“You guys couldn’t wait for 18 balls, we waited for 18 years to see this day. We knew he wouldn’t throw his wicket away. He had to succeed. Else, he would have to sit out the next 12 games. I knew he won’t quit,” Rahul Tewatia’s uncle Dharambir turns philosophical in the morning after the night of his nephew’s life.
Not just the former cricketers on air and fans, but even his on-field partner Sanju Samson had turned down a single. Euthanasia through hit wicket or a wild charge was recommended. A smell of embarrassment swirled in the air but in a Sharjah minute, everything changed for Tewatia. Rather, he enforced it by slamming Sheldon Cottrell for five sixes in an over. A redemption story that only sport can offer in sixty seconds. Quite a ridiculous night, really.

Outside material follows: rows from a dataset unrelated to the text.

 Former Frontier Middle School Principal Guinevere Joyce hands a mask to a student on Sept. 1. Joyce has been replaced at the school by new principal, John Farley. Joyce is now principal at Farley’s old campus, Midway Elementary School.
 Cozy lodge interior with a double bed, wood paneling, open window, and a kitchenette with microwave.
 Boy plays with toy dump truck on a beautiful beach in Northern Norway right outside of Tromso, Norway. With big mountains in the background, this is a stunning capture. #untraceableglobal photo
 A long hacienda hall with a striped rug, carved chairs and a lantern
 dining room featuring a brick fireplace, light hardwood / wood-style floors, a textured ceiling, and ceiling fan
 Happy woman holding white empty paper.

“Pandavas, Surdas, and now Rahul; that’s what our village Sihi is known for,” Rahul’s father Krishna Pal says. Sihi is a small village in Faridabad district in Haryana, where metro trains reach these days at the station named Sant Surdas Sihi.

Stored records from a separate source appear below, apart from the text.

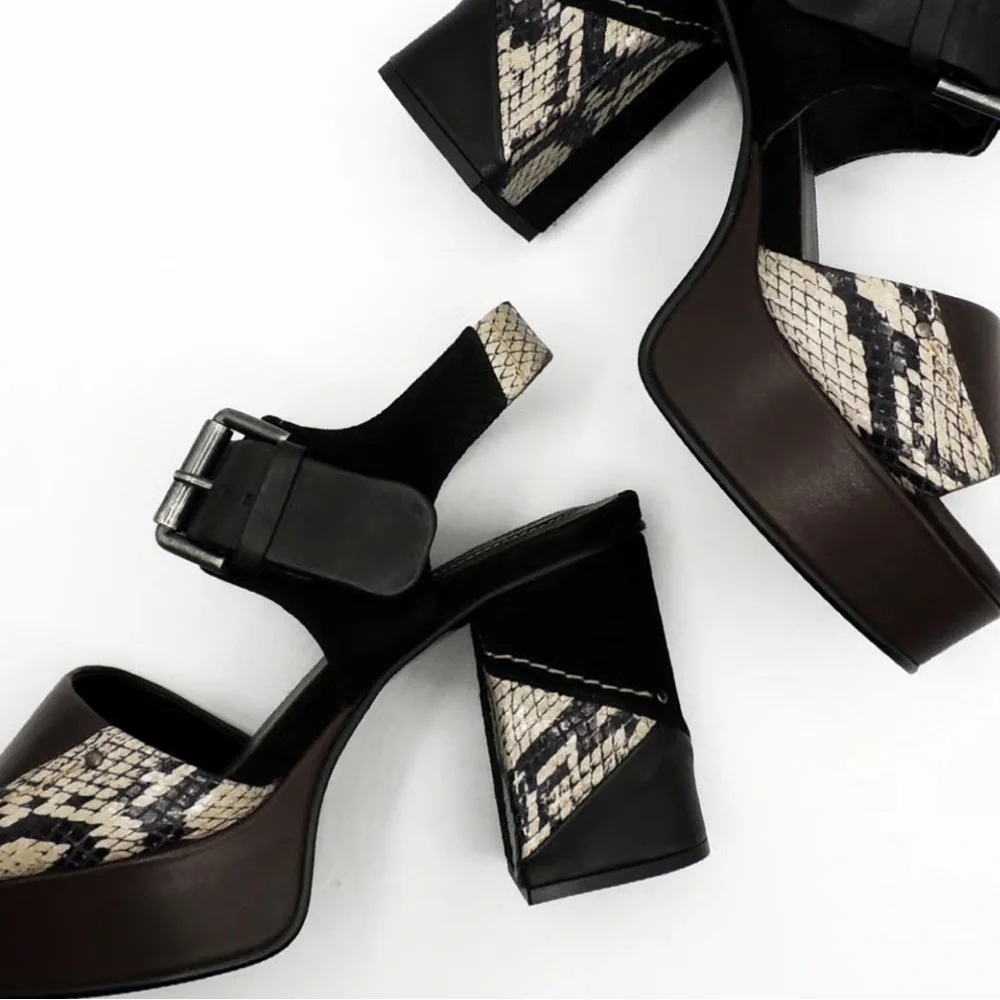 See by Chloe . Black , brown and python print platform heels.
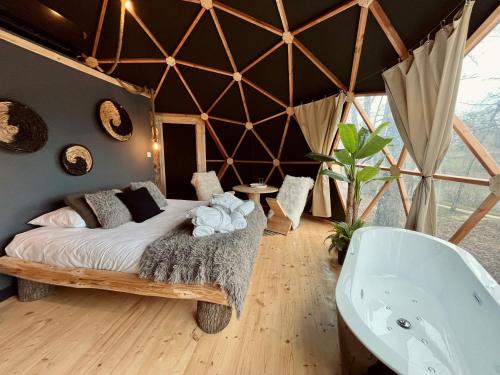 a room with a bed and a bath tub at Whaka Lodge in Seissan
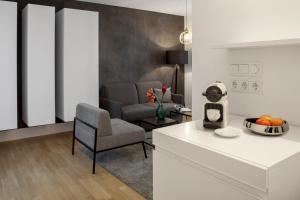 a kitchen and living room with a chair and a table at AMANO HOME Apartments in Berlin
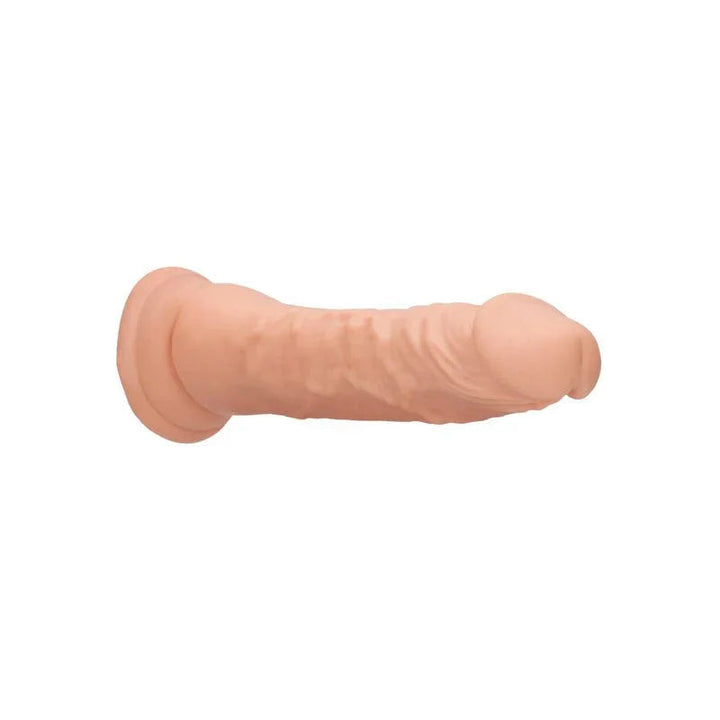 REALROCK 17.8 cm Realistic Dildo in Flesh, lying on its side showing the veined shaft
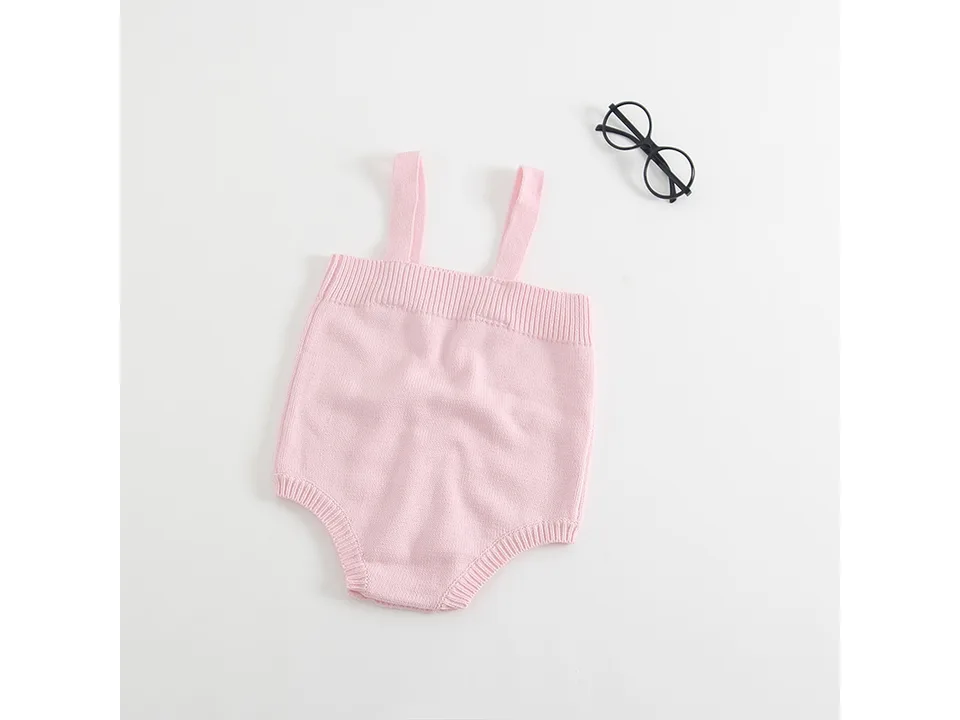 Back view of a pink knitted baby romper.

His father wasn’t exaggerating much. Surdas, the blind poet who was one of the most influential figures of the Bhakti Movement, came from this village in the 16th century. In the epic Mahabharata, Pandavas had asked for five villages from Kauravas to avoid war. Four of them are mentioned and the fifth is left to the choice of Kauravas. In Krishna Pal’s telling, the fifth was Sihi. It’s no surprise then that in the land that revels in its myths, his son Rahul has chosen to build his own myth. “Rahul ka naam bhi jhud gaya (Rahul’s name has been added to Sihi’s history today). The whole village came to greet us. Those TV channel guys are also coming,” an elated Pal says.